Jeri began to warm to the idea of the contest when she found out she'd also won an autographed football from Ace pitchman John Madden. She knew she could give that to her brother. It occurred to her that she could use her dash-and-grab to get things for others, and quickly began to match up who with what.
She met with the manager and walked her way through the store, found out what her friends needed, located those things in the store and then tried to integrate that into her spree choreography. Salesmen suggested routes and shortcuts and pointed out new items; when she asked one where she'd find a plastic tool box, since she was then keeping her tools in a shoe box, a salesman encouraged her to take a whole tool kit. She declined.
"I don't want to take something I don't need," she said.
The rules of the game were simple: she had two minutes to grab anything she could, and all items had to fit into a shopping cart save one large item—a Weber grill, for instance, or a garden shed. The big-ticket item is the first thing most contestants get, but Jeri's first grab was a staple gun for a friend who was upholstering a chair. She got lots of small appliances for friends, though Jeri asked us not to be too specific, because she finds it untoward to recount gift giving.
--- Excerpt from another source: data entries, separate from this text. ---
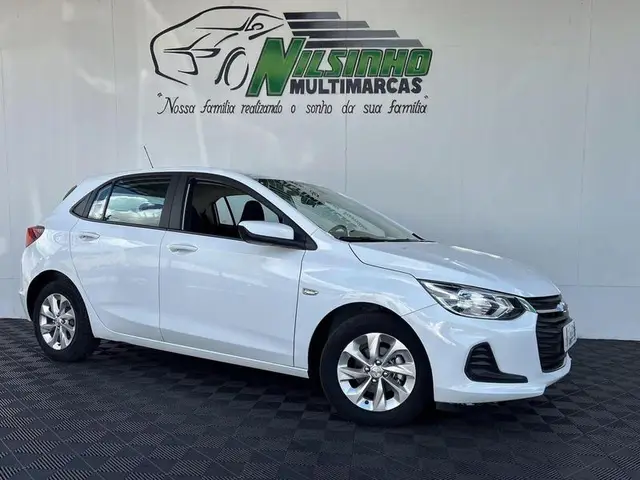 Carro Chevrolet Onix 2023 LT 1.0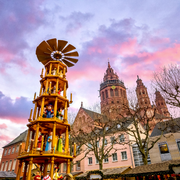 Domplatz in Mainz mit Weihnachtsmarkt, Deutschland 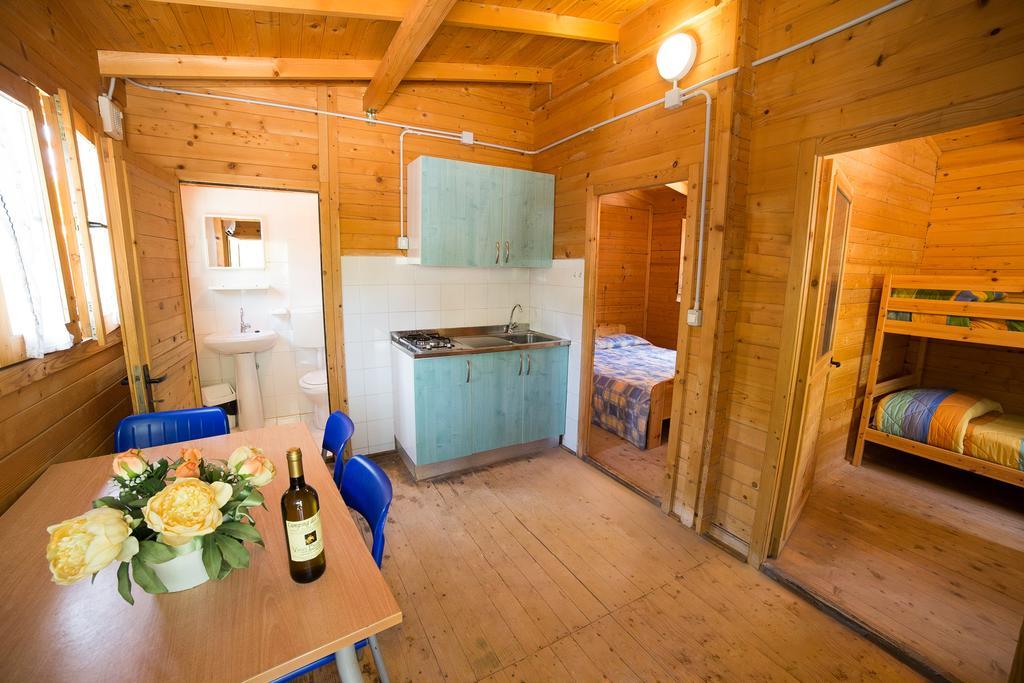 Camping Dei Tigli Torre del Lago Puccini Bilik gambar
Still, we don't think we're breaking any sacred trust when we tell you that among her items were a squeegee and three irons, one of which was a backup for herself—"I do a lot of ironing."
Though she made plans and walked through the store a few times, when the competition came, Jeri found herself confronted by the physics that governs all sports: time went much faster and she forgot a few things, including a new tea kettle, the one luxury item she wanted for herself. Even so, she felt guilty about all she had taken, and remained in the store after her dash and bought 33 bucks worth of things such as window cleaner and light bulbs because "I just couldn't leave feeling like I'd just taken things."
She didn't buy a tea kettle, but went back the next weekend "to treat myself."
Jeri said it was a lot of fun, a lot more than she would have thought, but, all things considered, she's glad it's over. She, like other local champs, learned that heavy is the crown.
"It's really very stressful," she said. "It's not easy to be a winner."